Since coming to power, Lukashenka has applied significant efforts to destroy alternative or potential centres of power within the state apparatus. In order to preclude a threat to his sole rule, he is constantly ensuring that the national security leaders remain loyal. For instance, he has fragmented the law enforcement and created two special services empowered, inter alia, to exercise control over the state administration. In addition, ensuring the internal security in the state is an often-duplicated function.
Currently, there are 16 government agencies in Belarus fully or partially involved in ensuring national security, law and order. By posting senior and middle security officers to unfamiliar regions, the president complicates the formation of influence groups at the regional and national levels.
The rivalry between the law enforcement agencies for Lukashenka’s attention (i.e. budgetary funding and personal career prospects for officers) is manifested, inter alia, through revealing the shortcomings in the activity of other security agencies. That said, the cases when security agencies were providing false information to the president were always associated with concealing own failures and never with political goals.

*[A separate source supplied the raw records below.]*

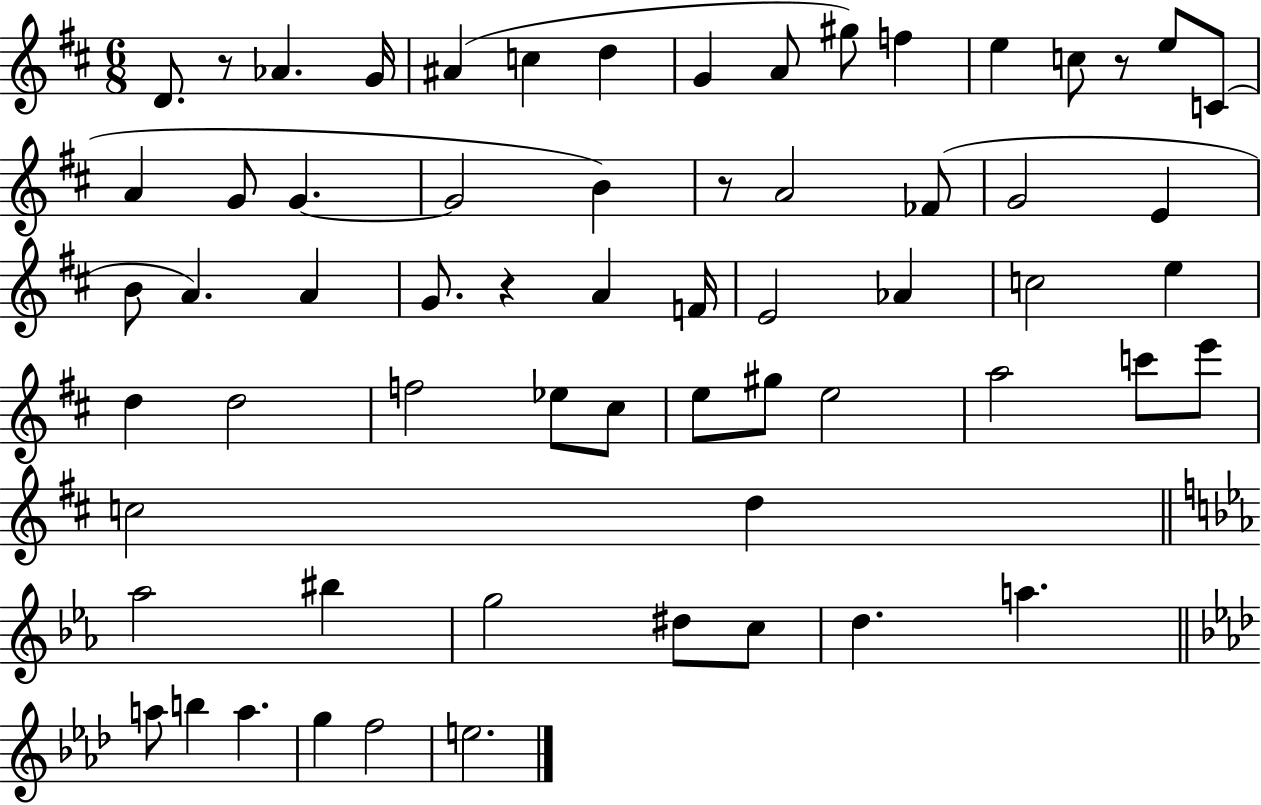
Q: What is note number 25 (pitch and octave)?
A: A4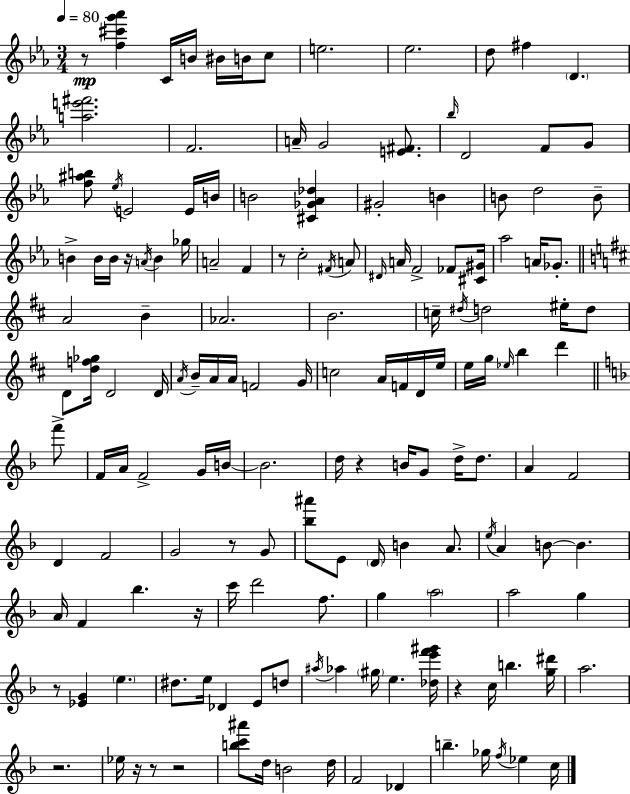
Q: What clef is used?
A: treble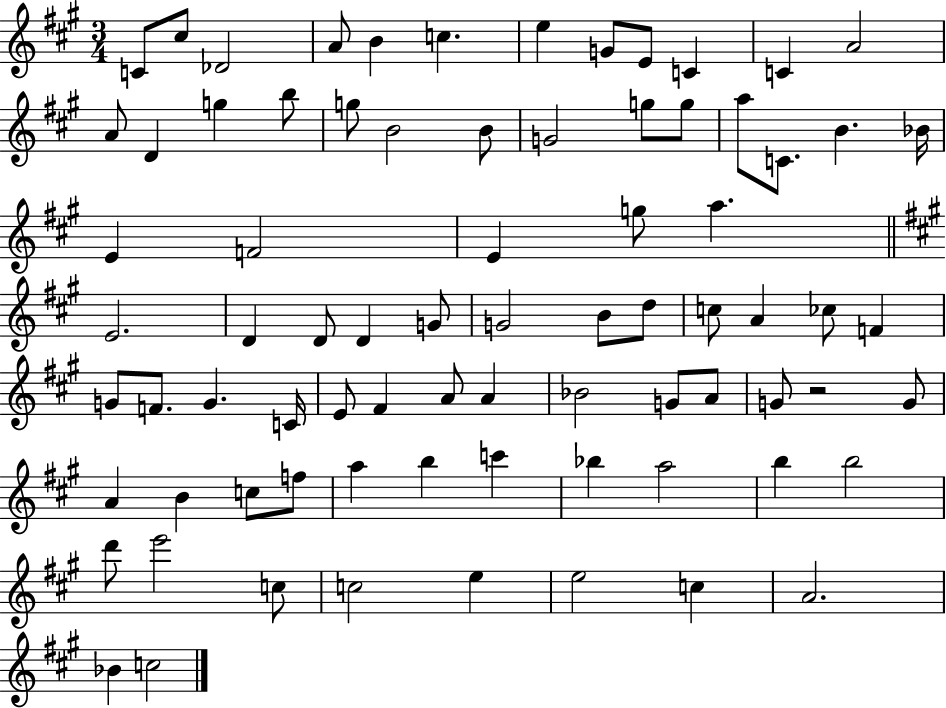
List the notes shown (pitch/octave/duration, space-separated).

C4/e C#5/e Db4/h A4/e B4/q C5/q. E5/q G4/e E4/e C4/q C4/q A4/h A4/e D4/q G5/q B5/e G5/e B4/h B4/e G4/h G5/e G5/e A5/e C4/e. B4/q. Bb4/s E4/q F4/h E4/q G5/e A5/q. E4/h. D4/q D4/e D4/q G4/e G4/h B4/e D5/e C5/e A4/q CES5/e F4/q G4/e F4/e. G4/q. C4/s E4/e F#4/q A4/e A4/q Bb4/h G4/e A4/e G4/e R/h G4/e A4/q B4/q C5/e F5/e A5/q B5/q C6/q Bb5/q A5/h B5/q B5/h D6/e E6/h C5/e C5/h E5/q E5/h C5/q A4/h. Bb4/q C5/h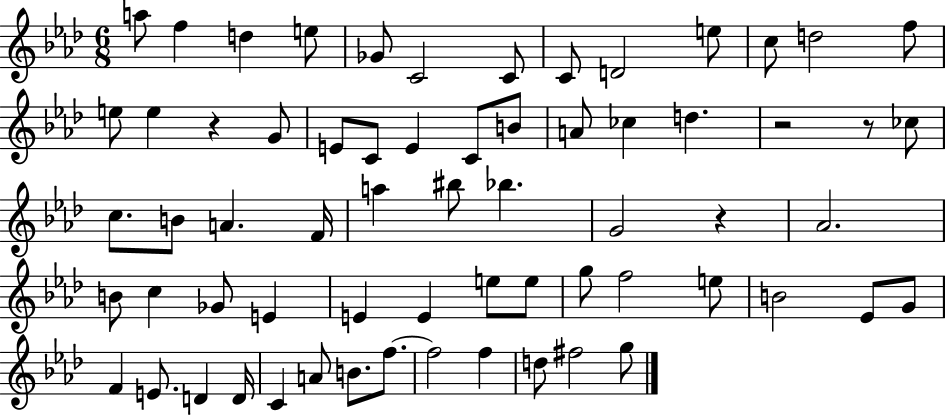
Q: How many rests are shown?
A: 4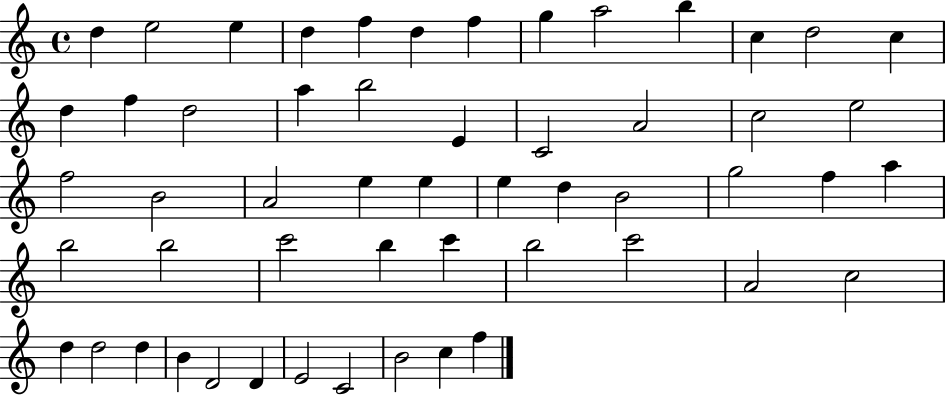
{
  \clef treble
  \time 4/4
  \defaultTimeSignature
  \key c \major
  d''4 e''2 e''4 | d''4 f''4 d''4 f''4 | g''4 a''2 b''4 | c''4 d''2 c''4 | \break d''4 f''4 d''2 | a''4 b''2 e'4 | c'2 a'2 | c''2 e''2 | \break f''2 b'2 | a'2 e''4 e''4 | e''4 d''4 b'2 | g''2 f''4 a''4 | \break b''2 b''2 | c'''2 b''4 c'''4 | b''2 c'''2 | a'2 c''2 | \break d''4 d''2 d''4 | b'4 d'2 d'4 | e'2 c'2 | b'2 c''4 f''4 | \break \bar "|."
}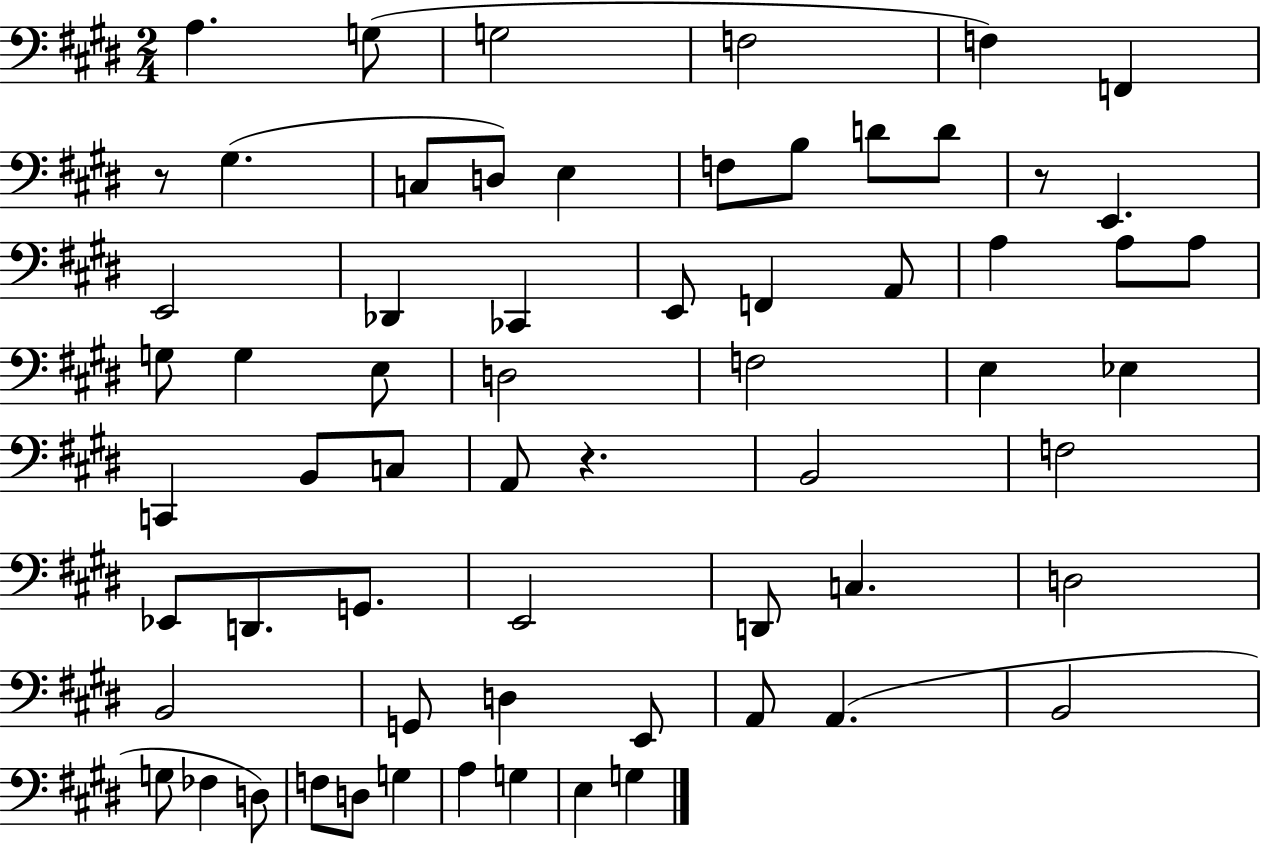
{
  \clef bass
  \numericTimeSignature
  \time 2/4
  \key e \major
  a4. g8( | g2 | f2 | f4) f,4 | \break r8 gis4.( | c8 d8) e4 | f8 b8 d'8 d'8 | r8 e,4. | \break e,2 | des,4 ces,4 | e,8 f,4 a,8 | a4 a8 a8 | \break g8 g4 e8 | d2 | f2 | e4 ees4 | \break c,4 b,8 c8 | a,8 r4. | b,2 | f2 | \break ees,8 d,8. g,8. | e,2 | d,8 c4. | d2 | \break b,2 | g,8 d4 e,8 | a,8 a,4.( | b,2 | \break g8 fes4 d8) | f8 d8 g4 | a4 g4 | e4 g4 | \break \bar "|."
}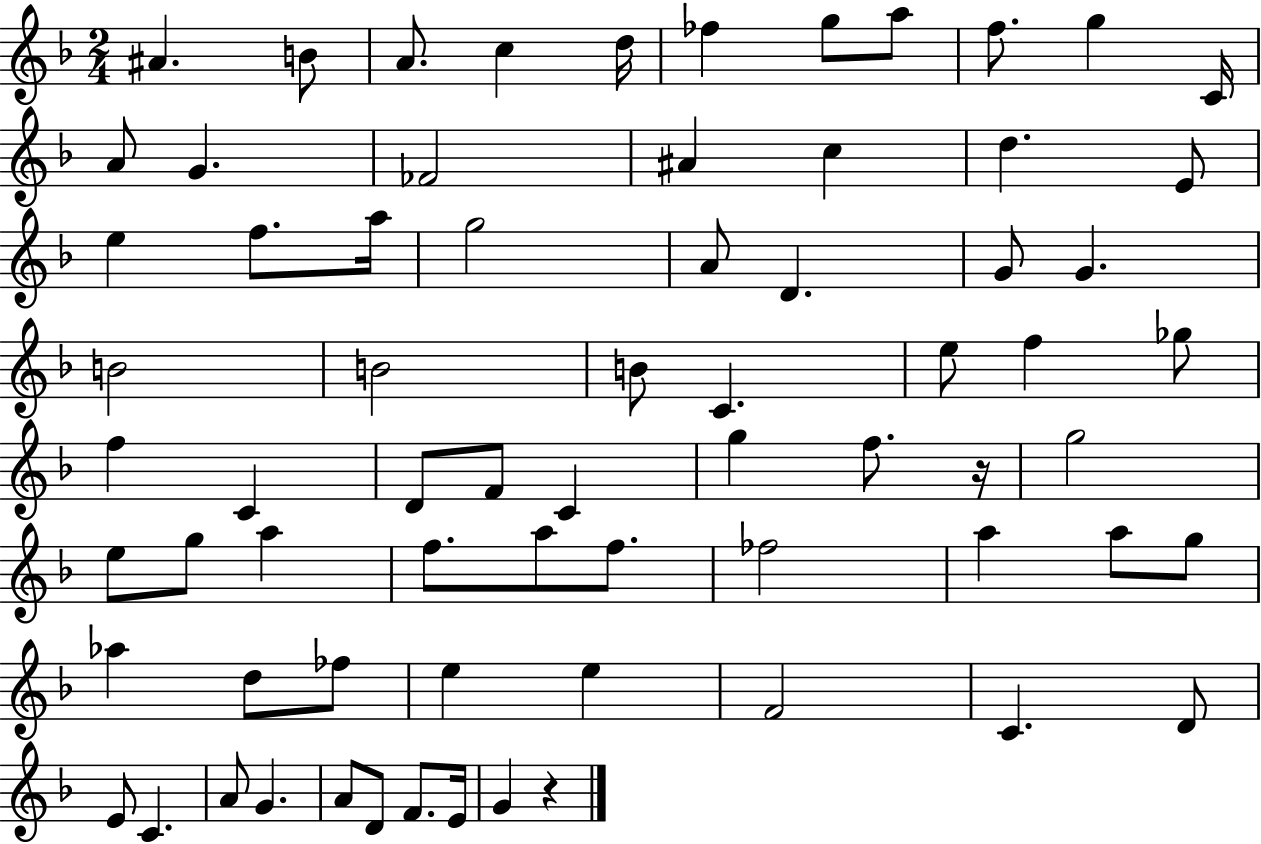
{
  \clef treble
  \numericTimeSignature
  \time 2/4
  \key f \major
  ais'4. b'8 | a'8. c''4 d''16 | fes''4 g''8 a''8 | f''8. g''4 c'16 | \break a'8 g'4. | fes'2 | ais'4 c''4 | d''4. e'8 | \break e''4 f''8. a''16 | g''2 | a'8 d'4. | g'8 g'4. | \break b'2 | b'2 | b'8 c'4. | e''8 f''4 ges''8 | \break f''4 c'4 | d'8 f'8 c'4 | g''4 f''8. r16 | g''2 | \break e''8 g''8 a''4 | f''8. a''8 f''8. | fes''2 | a''4 a''8 g''8 | \break aes''4 d''8 fes''8 | e''4 e''4 | f'2 | c'4. d'8 | \break e'8 c'4. | a'8 g'4. | a'8 d'8 f'8. e'16 | g'4 r4 | \break \bar "|."
}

There is no question of manipulations or a conspiracy against the Belarusian president: there are neither conditions for it, nor officials, who would be ready to assume such a responsibility. Lukashenka has access to quality information about the state of affairs in Belarus. Lukashenka’s decisions are likely to base on his own opinion about a particular issue (except, perhaps, some foreign policy decisions). Power officials in Belarus tend to avoid political issues and choose to implement the president’s orders as is.
Yet Minsk has not decided on the "patriots' case" and is attempting to break new grounds in relations with the West. Meanwhile, Brussels is ready to lower cooperation levels with the Belarusian authorities in anticipation of new political prisoners to appear after the trial against former White Legion activists, irrelevant of the charges, either preparation for riots, or creation of illegal armed groups, or any other. Minsk is unlikely to cross the red line in bilateral relations with the West and new political prisoners are unlikely to appear in Belarus.
The harsh clampdown on protests and arrests this spring in Belarus are unlikely to lead to new moves by the European Union, however, the EU would closely monitor ‘some investigations’, including the ‘patriot’s case’ aka the ‘White Legion’ case.
According to human rights defenders, 17 people remain in custody, of which 16 are former members of the White Legion and one supporter of Statkevich-led the Belarusian National Committee, Sergei Kuntsevich. The law enforcement has been releasing former activists of the White Legion and members of the Patriot Club, most likely in order to mitigate criticism from Western capitals. Amid Minsk Dialogue expert conference with the participation of Belarusian and EU officials, the authorities released from custody head of the Bobruisk "Patriot" Club Nikolai Mikhalkov. In addition, the Belarusian leadership expects to ease some tension by demonstrating greater openness to a dialogue with civil society on human rights issues. For instance, for the first time the Belarusian authorities and human rights defenders held consultations on Belarus’ fifth periodic report to the UN Human Rights Committee.
The Belarusian leadership has attempted to mitigate the West’s attitude towards the criminal prosecution against former activists of the "White Legion" by adding charges of creating an ‘illegal armed formation’ to ‘preparing for mass riots’ charges.
Apparently, Minsk also gains from speculations about possible disagreements among the executives - supporters of stronger ties with Russia, and "pro-Western" reformists lead by Foreign Minister Makei. That said, the Presidential Administration and President Lukashenka have full control over the foreign policy agenda and the law enforcement.
Overall, Minsk is determined to develop relations with Western capitals. The Belarusian authorities are likely to take controversial actions, i.e. to demonstrate the desire for liberalization in some areas and occasionally tighten repressions against the opponents, however without creating new political prisoners.